## [Source information]
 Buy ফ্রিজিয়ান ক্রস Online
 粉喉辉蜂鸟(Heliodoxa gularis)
--
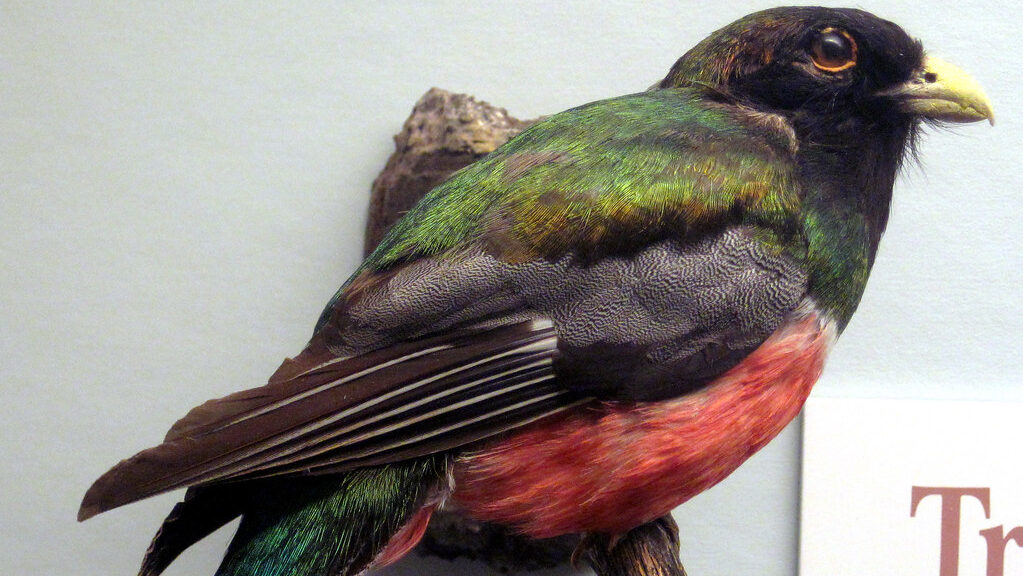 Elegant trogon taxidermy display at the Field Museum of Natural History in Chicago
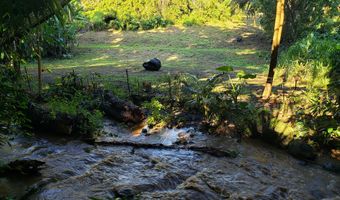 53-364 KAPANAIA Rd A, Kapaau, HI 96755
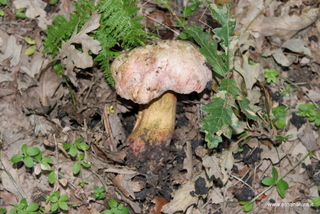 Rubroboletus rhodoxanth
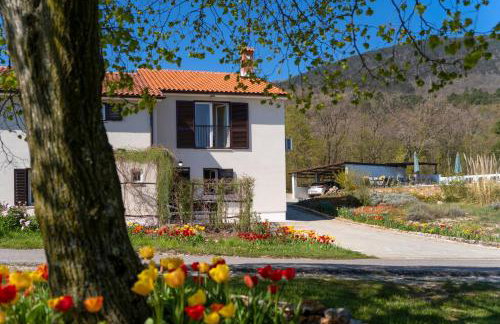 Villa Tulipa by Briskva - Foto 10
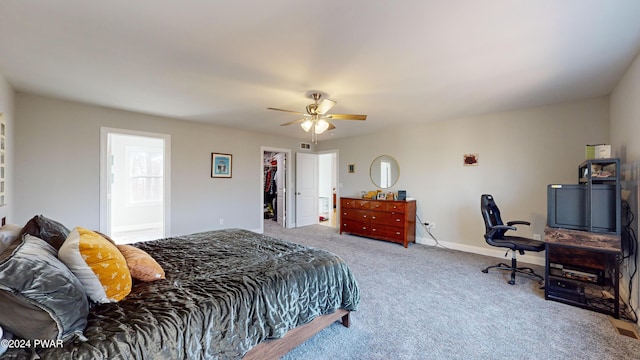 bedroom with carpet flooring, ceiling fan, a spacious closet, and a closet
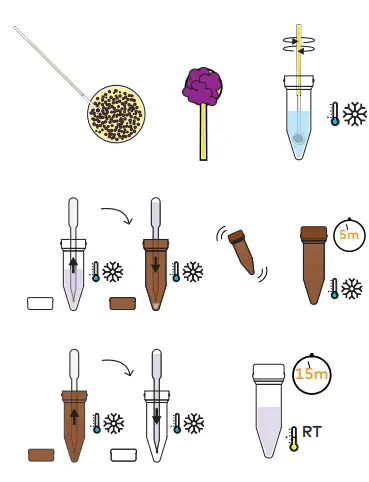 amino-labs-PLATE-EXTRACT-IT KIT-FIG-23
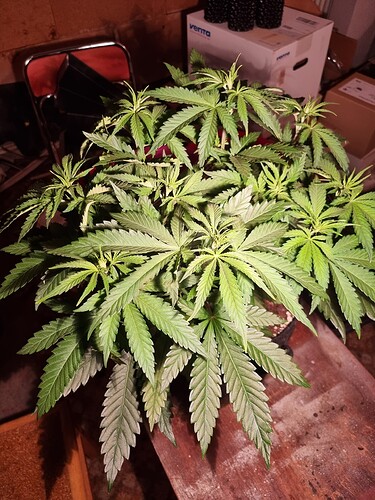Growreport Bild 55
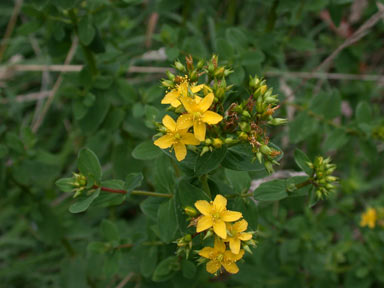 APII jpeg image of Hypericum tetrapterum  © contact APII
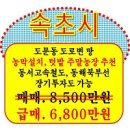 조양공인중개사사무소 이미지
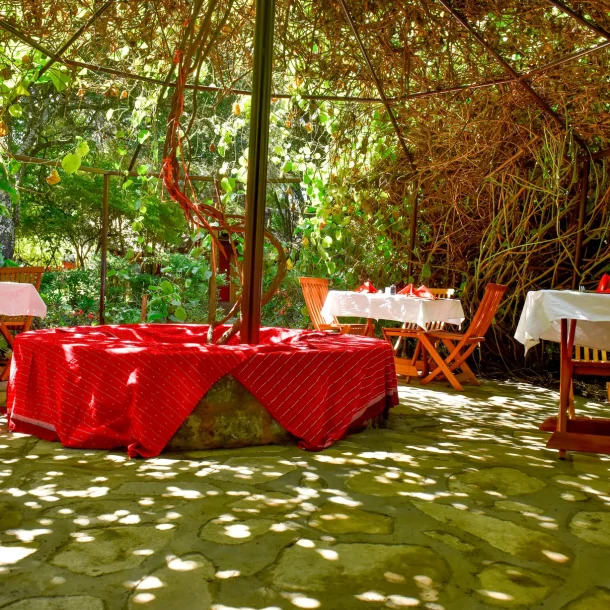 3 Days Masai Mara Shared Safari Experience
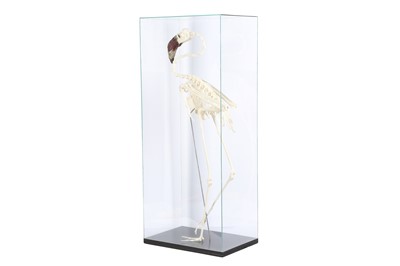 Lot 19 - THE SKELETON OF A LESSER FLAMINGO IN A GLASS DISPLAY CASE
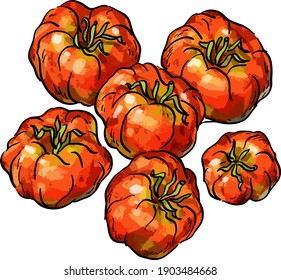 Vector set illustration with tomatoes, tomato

## [Try it]
What you write must match the listing exactly, from the line with "Rubroboletus rhodoxanth" up to and including the line with "Vector set illustration". Pictures stay out.

## [Completed exercise]
 Rubroboletus rhodoxanth
 Villa Tulipa by Briskva - Foto 10
 bedroom with carpet flooring, ceiling fan, a spacious closet, and a closet
 amino-labs-PLATE-EXTRACT-IT KIT-FIG-23
Growreport Bild 55
 APII jpeg image of Hypericum tetrapterum  © contact APII
 조양공인중개사사무소 이미지
 3 Days Masai Mara Shared Safari Experience
 Lot 19 - THE SKELETON OF A LESSER FLAMINGO IN A GLASS DISPLAY CASE
 Vector set illustration with tomatoes, tomato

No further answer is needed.